The generosity of Piero, who suffers from ALS
It’s this kind of personal experience that can help us fully appreciate the extreme generosity of a 57-year-old man from Piedmont (northern Italy), Piero Floreno, who has ALS (amyotrophic lateral sclerosis) and wanted to make a sacrifice to help others.
This is how his wife Antonella tells the story (as reported in Italian news outlet La Repubblica):
“This is my husband. We’ve been together for 40 years, and he’s always been this way. But yesterday morning he surprised even me: He told me he wanted to donate his second respirator to the hospitals, for coronavirus patients.”
She was petrified.
“I know he obviously didn’t want to remove his respirator—the main one—and I wouldn’t have let him. But he wanted to donate the spare one, which is in the house ready to be used in case of emergency, and which we rotate into use every two or three months,” she told La Reppublica.
Piero is aware of the enormous difficulties that hospitals in northern Italy are facing due to the shortage of these machines, which are essential for the survival of the patients with the worst cases of COVID-19. In that light, he wrote these words to a friend of his, quoted by La Repubblica:
“In Italy there are between four and six thousand ALS patients, and a large percentage have two respirators. I’m sure that if this idea could reach them, many would give up their second respirator for a few months to help their fellow man.”
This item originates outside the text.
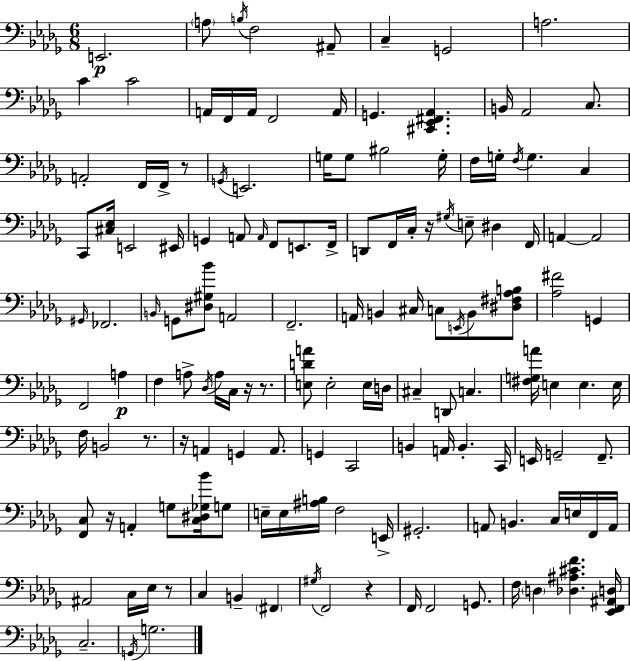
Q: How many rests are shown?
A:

Piero’s offer cannot be accepted, because a person with ALS must have two respirators, as his life would be in extreme danger if one of them malfunctioned. But this gesture of extraordinary generosity has inspired many people to become more aware of the problem and to take action. In fact, as Antonella explains, “Many neighbors got involved today with a fundraiser to try to buy a machine together and donate it.”
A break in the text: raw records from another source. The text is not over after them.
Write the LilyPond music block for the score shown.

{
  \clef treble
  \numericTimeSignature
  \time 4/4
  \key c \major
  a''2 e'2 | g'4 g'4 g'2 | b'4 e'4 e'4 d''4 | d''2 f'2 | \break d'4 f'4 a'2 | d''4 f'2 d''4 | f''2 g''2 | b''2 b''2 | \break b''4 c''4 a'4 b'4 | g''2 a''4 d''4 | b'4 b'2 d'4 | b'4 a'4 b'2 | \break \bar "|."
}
Unfortunately, we know that the hospital shortage of these machines isn’t so much a problem of finances as of supply; it’s mainly due to the enormous difficulty of finding and buying them on the international market, as the pandemic spread of the virus is motivating all countries to keep their equipment for themselves. This bitter reality makes it even more imperative for us to work together to slow down the spread of the epidemic and thus—by limiting the number of those infected—prevent many of our most seriously ill brothers and sisters from dying because they don’t have every means to fight for their lives due to the lack of respirators.
Today, loving our neighbor as ourselves must also be translated into, “Even though I feel like I’m in prison, I’m going to stay at home.” Our life and that of others depends on a lucid and responsible renunciation of our freedom of movement for a time. In the end, the right to life is paramount.